2. Related Background of the Invention
A flat microphone to be installed on a desk or the like for use is an on-surface sound pickup microphone, and is called a boundary microphone or a surface mount microphone. In the present invention, a microphone of such a type is referred to as a “boundary microphone”. Since the boundary microphone is intended to be installed in a low profile manner on a desk or the like, the boundary microphone is designed so as to be flat with restricted height. Usually, the boundary microphone has a structure in which a metallic part having a plurality of openings for introducing sound waves is connected, one above the other, with a metallic part for supporting a microphone unit and an electronic circuit board. The microphone unit and the electronic circuit board are disposed in a space formed by the upper and lower metallic parts.
The boundary microphone is constructed of mainly two parts, i.e., a base and a cover in appearance. Electric circuits, such as the microphone unit, the circuit board, an impedance converter, a tone control circuit, and an output circuit are incorporated into the internal space formed by the base and the cover.

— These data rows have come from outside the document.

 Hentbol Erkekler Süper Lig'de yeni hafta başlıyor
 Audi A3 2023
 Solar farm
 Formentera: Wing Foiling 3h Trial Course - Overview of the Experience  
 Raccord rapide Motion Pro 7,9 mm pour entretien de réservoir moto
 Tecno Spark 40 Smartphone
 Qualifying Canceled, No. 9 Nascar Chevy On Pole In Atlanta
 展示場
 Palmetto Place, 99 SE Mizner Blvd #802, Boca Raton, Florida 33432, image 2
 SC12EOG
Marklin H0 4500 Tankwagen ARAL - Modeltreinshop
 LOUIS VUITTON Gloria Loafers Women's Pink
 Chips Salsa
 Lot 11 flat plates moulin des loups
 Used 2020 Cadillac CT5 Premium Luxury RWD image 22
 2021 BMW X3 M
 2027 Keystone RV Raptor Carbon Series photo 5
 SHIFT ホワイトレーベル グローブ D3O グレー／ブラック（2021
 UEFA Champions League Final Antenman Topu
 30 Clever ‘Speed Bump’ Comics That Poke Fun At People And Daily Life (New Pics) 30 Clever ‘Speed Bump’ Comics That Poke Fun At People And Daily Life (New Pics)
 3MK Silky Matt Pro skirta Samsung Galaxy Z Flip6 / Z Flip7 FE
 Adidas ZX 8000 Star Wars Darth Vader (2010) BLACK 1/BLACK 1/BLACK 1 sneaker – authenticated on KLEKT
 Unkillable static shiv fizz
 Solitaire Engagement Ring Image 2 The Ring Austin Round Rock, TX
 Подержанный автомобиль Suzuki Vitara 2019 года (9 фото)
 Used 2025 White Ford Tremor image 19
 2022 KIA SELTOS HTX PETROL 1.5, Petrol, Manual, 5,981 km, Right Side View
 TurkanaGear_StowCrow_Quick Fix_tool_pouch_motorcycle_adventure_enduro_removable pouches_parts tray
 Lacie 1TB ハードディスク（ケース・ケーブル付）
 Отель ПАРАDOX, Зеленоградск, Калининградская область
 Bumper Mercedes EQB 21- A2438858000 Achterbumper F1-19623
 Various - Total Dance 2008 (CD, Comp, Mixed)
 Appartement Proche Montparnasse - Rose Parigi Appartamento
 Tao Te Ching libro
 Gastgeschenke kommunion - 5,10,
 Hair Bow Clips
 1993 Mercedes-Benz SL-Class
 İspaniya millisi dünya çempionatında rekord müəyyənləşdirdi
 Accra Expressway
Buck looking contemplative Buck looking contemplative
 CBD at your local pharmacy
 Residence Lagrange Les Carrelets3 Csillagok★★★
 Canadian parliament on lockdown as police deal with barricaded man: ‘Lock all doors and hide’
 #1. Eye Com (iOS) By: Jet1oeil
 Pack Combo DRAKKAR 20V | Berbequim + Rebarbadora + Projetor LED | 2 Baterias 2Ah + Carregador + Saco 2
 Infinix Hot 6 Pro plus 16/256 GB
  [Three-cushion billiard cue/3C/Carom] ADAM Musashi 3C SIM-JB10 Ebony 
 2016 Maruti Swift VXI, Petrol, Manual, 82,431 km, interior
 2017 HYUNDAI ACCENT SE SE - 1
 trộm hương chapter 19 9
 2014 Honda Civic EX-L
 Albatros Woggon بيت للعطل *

The base is made of a flatmetal and can be secured to a desktop or a floor surface. The cover is made of a metallic part, and has numerous openings formed therein in order to introduce sound waves to the microphone unit. For the cover, a punching metal having numerous holes formed therein by punching is often used, for example. The cover is put on the base and secured to the base with a screw.
If high frequency noise caused by electromagnetic waves enters into the above-described electric circuit from the outside, this noise is detected by a semiconductor element used in the impedance converter or the like, and is then mixed into a sound signal as a noise signal, thereby degrading the signal to noise ratio (S/N) at the microphone output. Accordingly, the connecting portions in the peripheral portions of the base 1 and the cover 2 are preferably joined together without any gap so as to shield the internal components from high frequency noise coming from the outside. The reason is, if the connecting portions are not joined together appropriately but the base and the cover are in point contact with each other and there is a gap therebetween, high frequency noise will enter from this gap.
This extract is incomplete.